China to execute Burlington man who championed Muslim state

By Christine Cox
The Hamilton Spectator
BURLINGTON (Aug 9, 2006)

Amnesty International fears that Huseyin Celil, a Burlington man held in a Chinese jail, could be executed by tomorrow.

The organization has unconfirmed reports that Celil, 37, will be put to death for alleged terrorist activities.

Celil's wife, Kamila Telendibaeva, clings to the belief that it can't happen. Celil's sister tearfully called from China last week saying a police officer had told her Celil would be killed Aug. 10, but Canadian officials told Telendibaeva that the Chinese government said it wasn't true.

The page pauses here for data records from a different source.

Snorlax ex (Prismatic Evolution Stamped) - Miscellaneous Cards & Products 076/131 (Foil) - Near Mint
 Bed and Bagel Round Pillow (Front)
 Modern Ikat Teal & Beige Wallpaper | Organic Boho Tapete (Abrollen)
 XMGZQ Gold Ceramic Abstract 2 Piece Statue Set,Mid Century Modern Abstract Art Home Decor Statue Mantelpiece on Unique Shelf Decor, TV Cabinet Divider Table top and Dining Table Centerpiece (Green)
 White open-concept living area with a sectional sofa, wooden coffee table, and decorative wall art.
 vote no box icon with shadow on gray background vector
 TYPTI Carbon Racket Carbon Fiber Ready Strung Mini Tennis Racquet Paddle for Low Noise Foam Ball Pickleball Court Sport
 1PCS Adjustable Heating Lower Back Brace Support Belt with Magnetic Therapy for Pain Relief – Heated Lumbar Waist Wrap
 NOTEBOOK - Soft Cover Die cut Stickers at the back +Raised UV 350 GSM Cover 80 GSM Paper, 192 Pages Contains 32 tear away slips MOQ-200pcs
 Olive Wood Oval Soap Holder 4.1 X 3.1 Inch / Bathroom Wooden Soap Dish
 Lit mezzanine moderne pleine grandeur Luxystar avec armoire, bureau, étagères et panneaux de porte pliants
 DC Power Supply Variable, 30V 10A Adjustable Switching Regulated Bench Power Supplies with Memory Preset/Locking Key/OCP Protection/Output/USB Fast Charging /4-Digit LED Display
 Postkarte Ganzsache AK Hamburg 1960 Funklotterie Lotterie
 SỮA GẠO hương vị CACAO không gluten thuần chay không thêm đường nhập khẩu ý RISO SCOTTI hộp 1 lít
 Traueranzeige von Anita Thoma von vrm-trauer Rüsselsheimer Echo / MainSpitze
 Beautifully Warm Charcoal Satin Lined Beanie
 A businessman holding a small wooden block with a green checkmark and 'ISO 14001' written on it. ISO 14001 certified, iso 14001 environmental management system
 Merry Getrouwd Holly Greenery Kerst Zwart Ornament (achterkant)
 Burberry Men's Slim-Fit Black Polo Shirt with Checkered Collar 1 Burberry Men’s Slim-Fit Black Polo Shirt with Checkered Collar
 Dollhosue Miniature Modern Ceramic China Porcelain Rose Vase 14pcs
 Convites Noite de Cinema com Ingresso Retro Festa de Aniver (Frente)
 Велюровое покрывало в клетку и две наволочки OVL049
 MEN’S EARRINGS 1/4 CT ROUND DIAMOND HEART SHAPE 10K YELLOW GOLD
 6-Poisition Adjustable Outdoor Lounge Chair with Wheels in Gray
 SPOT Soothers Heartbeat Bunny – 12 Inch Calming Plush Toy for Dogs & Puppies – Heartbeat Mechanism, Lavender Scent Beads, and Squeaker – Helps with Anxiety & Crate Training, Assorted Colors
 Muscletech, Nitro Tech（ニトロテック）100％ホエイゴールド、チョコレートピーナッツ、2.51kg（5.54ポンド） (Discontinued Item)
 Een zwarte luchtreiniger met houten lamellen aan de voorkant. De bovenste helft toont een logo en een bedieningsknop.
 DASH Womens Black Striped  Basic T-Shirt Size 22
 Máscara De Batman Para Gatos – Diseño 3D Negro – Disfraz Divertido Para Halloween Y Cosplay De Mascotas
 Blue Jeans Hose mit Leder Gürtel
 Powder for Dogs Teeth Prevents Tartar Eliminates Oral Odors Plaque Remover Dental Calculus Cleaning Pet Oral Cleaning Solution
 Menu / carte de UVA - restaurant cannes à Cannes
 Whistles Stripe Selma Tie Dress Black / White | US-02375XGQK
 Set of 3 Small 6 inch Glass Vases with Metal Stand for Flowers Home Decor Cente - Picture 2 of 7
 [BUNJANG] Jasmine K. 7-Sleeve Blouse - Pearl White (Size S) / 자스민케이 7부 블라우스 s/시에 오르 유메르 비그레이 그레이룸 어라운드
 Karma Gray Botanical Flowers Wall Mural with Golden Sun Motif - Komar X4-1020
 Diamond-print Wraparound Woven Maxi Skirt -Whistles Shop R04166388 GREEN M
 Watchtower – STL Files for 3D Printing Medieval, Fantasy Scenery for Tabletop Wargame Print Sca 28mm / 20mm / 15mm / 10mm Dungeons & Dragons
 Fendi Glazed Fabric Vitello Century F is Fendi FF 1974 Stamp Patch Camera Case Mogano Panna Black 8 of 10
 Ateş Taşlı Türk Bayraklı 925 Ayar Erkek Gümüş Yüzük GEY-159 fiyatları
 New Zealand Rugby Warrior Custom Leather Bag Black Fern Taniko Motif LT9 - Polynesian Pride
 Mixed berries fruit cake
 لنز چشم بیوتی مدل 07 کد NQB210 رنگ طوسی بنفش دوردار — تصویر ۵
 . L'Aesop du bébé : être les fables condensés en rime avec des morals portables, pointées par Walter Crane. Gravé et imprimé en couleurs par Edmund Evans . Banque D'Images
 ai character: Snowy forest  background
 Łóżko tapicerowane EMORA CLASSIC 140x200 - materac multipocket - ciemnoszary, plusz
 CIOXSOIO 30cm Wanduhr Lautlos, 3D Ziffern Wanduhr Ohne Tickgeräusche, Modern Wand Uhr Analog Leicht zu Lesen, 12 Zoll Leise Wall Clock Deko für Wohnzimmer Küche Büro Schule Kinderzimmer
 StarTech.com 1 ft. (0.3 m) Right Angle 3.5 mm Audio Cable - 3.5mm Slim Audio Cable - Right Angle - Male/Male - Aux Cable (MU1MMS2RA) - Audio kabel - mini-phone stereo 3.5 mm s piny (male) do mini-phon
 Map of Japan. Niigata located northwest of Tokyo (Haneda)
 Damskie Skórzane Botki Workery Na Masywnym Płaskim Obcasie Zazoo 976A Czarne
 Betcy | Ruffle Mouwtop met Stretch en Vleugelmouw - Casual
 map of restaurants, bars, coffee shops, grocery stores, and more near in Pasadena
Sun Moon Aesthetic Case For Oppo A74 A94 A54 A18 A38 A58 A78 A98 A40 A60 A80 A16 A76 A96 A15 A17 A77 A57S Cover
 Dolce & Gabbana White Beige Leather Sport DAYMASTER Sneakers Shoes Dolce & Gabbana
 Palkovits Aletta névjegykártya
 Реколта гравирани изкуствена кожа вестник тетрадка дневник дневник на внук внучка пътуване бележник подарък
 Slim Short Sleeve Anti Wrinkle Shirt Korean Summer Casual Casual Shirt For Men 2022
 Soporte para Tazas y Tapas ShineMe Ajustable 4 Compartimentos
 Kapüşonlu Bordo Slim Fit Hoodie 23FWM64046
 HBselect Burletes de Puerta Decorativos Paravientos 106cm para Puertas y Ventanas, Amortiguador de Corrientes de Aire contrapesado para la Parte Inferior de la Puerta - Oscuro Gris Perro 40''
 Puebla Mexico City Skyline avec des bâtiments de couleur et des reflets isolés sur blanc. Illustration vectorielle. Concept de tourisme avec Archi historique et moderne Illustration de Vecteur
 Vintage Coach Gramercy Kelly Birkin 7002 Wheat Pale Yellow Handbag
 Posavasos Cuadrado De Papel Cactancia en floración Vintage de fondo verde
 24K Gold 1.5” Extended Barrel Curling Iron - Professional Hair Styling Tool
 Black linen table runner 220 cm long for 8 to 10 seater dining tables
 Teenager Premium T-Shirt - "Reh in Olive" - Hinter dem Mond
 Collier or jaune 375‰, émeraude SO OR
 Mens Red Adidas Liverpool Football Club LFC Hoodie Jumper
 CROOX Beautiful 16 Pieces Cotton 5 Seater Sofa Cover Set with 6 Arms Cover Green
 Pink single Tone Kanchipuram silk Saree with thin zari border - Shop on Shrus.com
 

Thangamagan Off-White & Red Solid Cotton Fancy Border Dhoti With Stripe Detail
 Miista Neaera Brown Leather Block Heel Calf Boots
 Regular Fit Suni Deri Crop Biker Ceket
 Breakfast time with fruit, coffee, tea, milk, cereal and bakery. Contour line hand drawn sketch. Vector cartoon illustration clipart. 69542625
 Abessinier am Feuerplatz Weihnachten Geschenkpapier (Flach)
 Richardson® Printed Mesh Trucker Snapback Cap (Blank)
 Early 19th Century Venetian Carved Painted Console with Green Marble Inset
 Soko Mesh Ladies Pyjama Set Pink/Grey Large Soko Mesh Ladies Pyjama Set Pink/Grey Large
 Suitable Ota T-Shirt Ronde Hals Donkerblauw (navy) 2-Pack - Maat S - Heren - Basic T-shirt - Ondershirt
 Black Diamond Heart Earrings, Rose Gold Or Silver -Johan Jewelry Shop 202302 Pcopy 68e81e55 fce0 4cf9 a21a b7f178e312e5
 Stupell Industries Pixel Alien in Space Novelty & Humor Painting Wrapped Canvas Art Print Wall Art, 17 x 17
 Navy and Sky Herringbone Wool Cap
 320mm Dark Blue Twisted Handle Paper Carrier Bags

Telendibaeva hasn't seen her husband since he was arrested in Uzbekistan while they were visiting her family. Celil, a political dissident who came to Canada as a refugee, was arrested on a warrant from China. He had been sentenced to death in absentia in China.

He had championed the cause of the Muslim Uygur people in northwest Xinjiang province, an area taken over by the Chinese more than 50 years ago.

Every day Telendibaeva's three children ask her "Where's Daddy?" Telendibaeva, who is due to give birth to her fourth child Aug. 20, tells them he is coming back soon.

In reality, she is very frightened for his safety.

"I hope and I pray for good news," the soft-spoken woman says as she sits on a sofa in her modestly furnished townhouse.

"I am thinking all the time about my husband."

She rejects the possibility that he could be executed, but she worries that the Chinese authorities may torture him or mistreat him in some way.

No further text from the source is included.